> [Your goal] When you reach the line that holds "Media issuing system and method", start copying exactly and keep going through the final line of the data, leaving out pictures.

Short web captions
━━━━━━━━━━━━━━━━━━━━━━━━━━━━━━
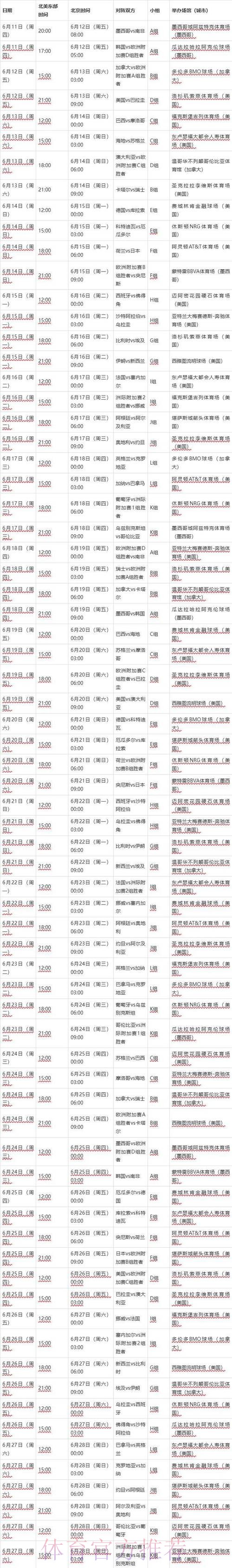 2026世界杯每日赛程分析 2026世界杯每日赛程分析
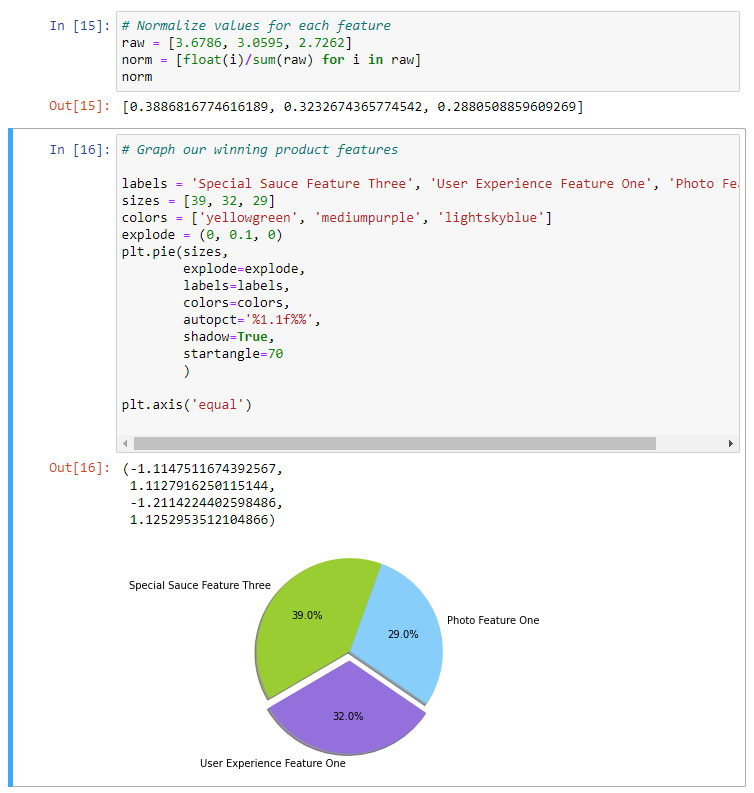 Conjoint Analysis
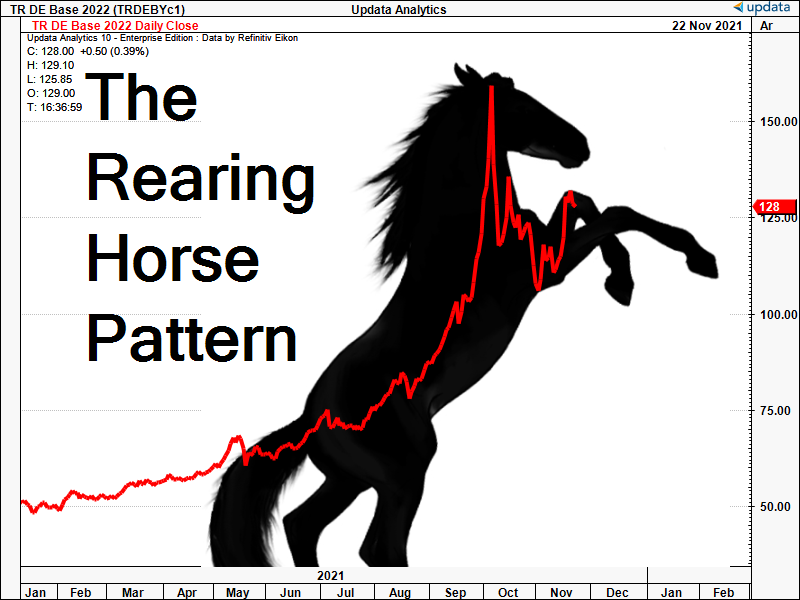 ChartsToday's tweet photo. If you look at charts of Coal, EU Gas and Power now, they all have this similar characteristic of a ‘Rearing Horse.’ So which ‘leg of the horse’ will we follow?
#gas #depower #coal #rearinghorse #enegytrading #chartstoday #updata https://t.co/yP1jrPrGt4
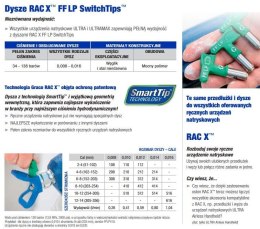 GRACO DYSZA WYKOŃCZENIOWA GREEN FFLP516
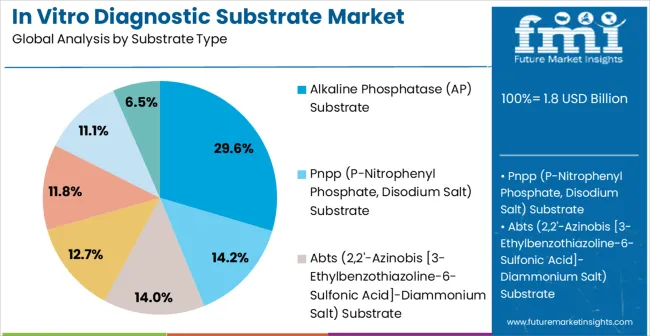 In Vitro Diagnostic Substrate Market Analysis By Substrate Type In Vitro Diagnostic Substrate Market Analysis By Substrate Type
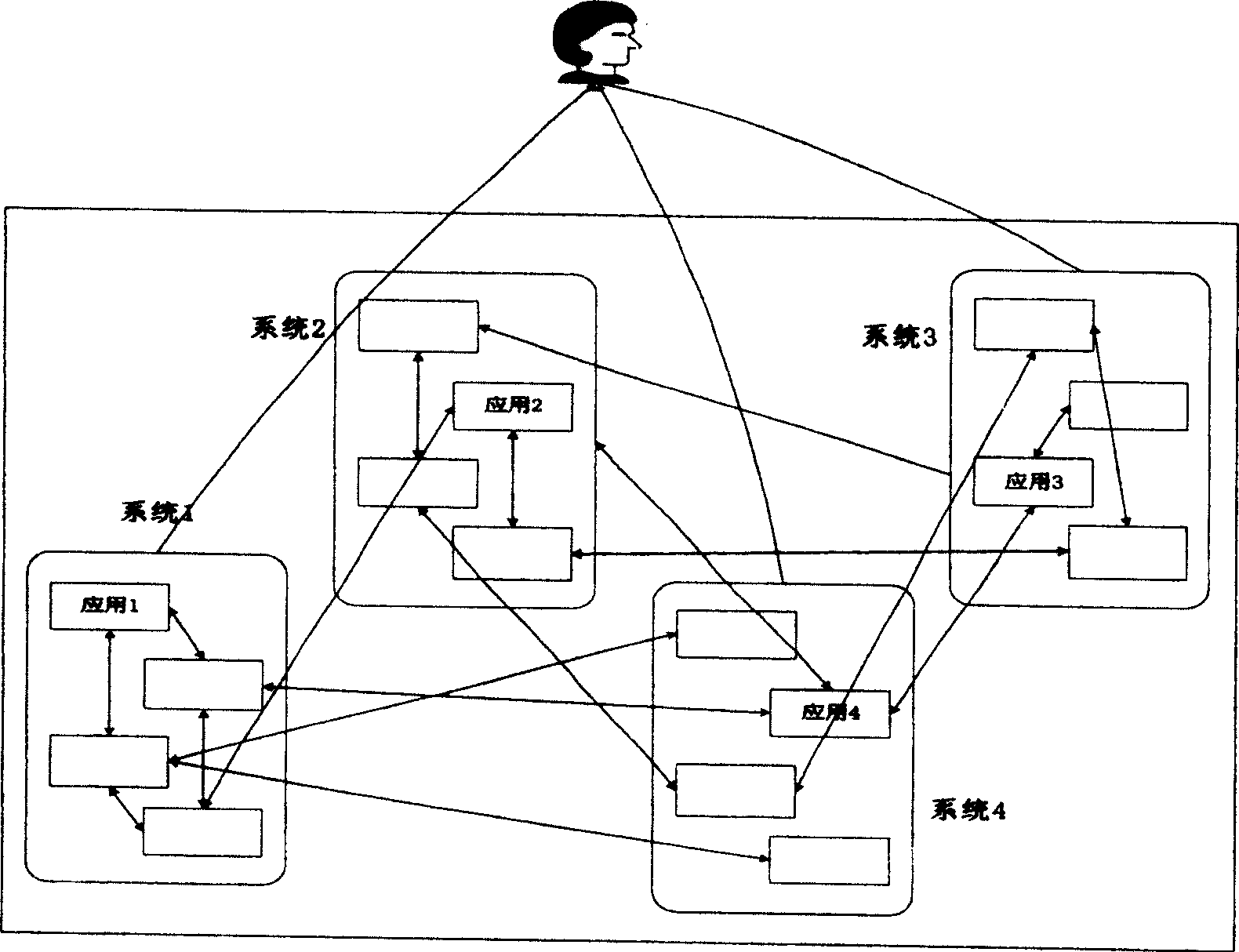 Media issuing system and method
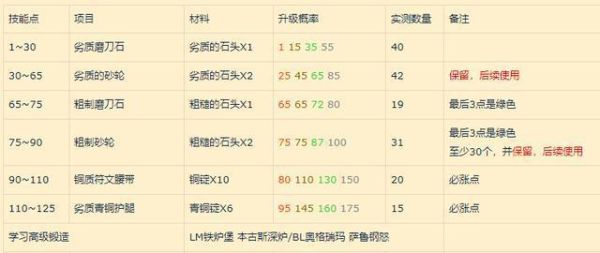魔兽世界锻造1-450升级攻略？（锻造武器 魔兽世界）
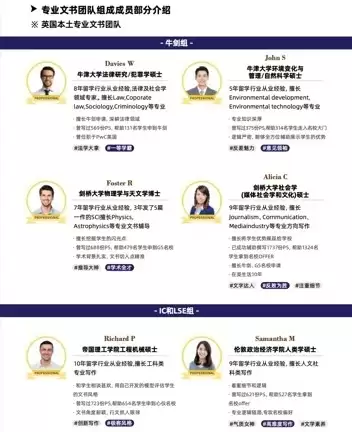 五大留学机构文书服务深度测评:定制化与师资实力成有录网核心竞争力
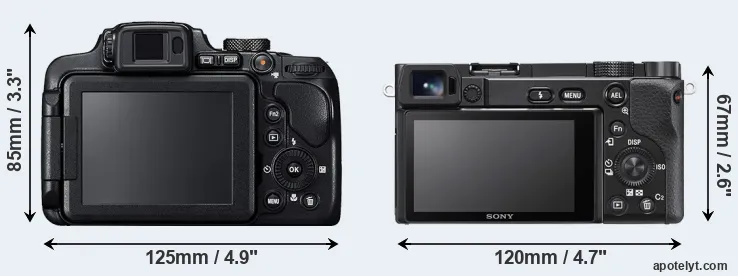 Comparison B700 or A6100 rear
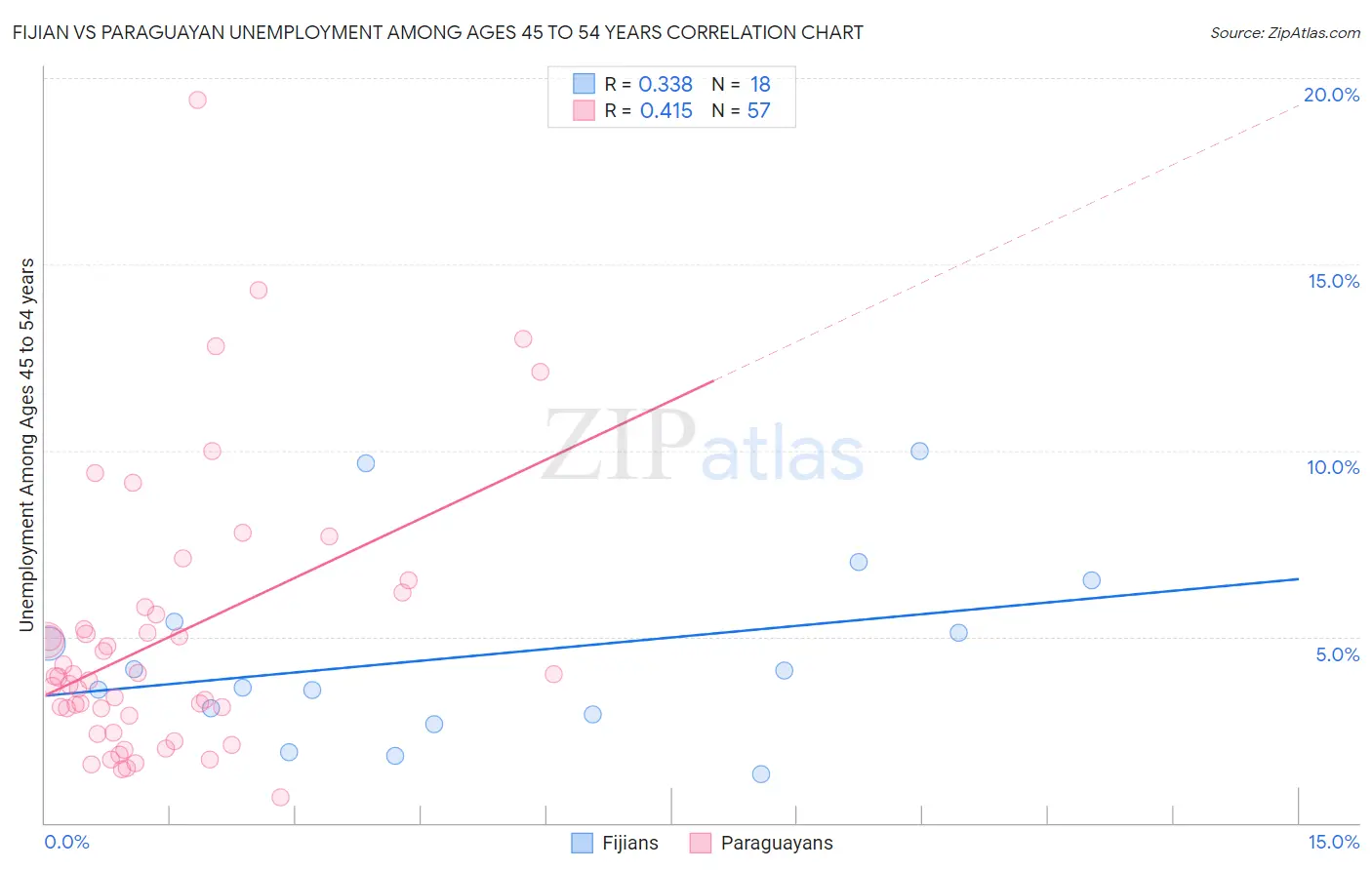Fijian vs Paraguayan Unemployment Among Ages 45 to 54 years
━━━━━━━━━━━━━━━━━━━━━━━━━━━━━━
> [Output of the exercise]
 Media issuing system and method
魔兽世界锻造1-450升级攻略？（锻造武器 魔兽世界）
 五大留学机构文书服务深度测评:定制化与师资实力成有录网核心竞争力
 Comparison B700 or A6100 rear
Fijian vs Paraguayan Unemployment Among Ages 45 to 54 years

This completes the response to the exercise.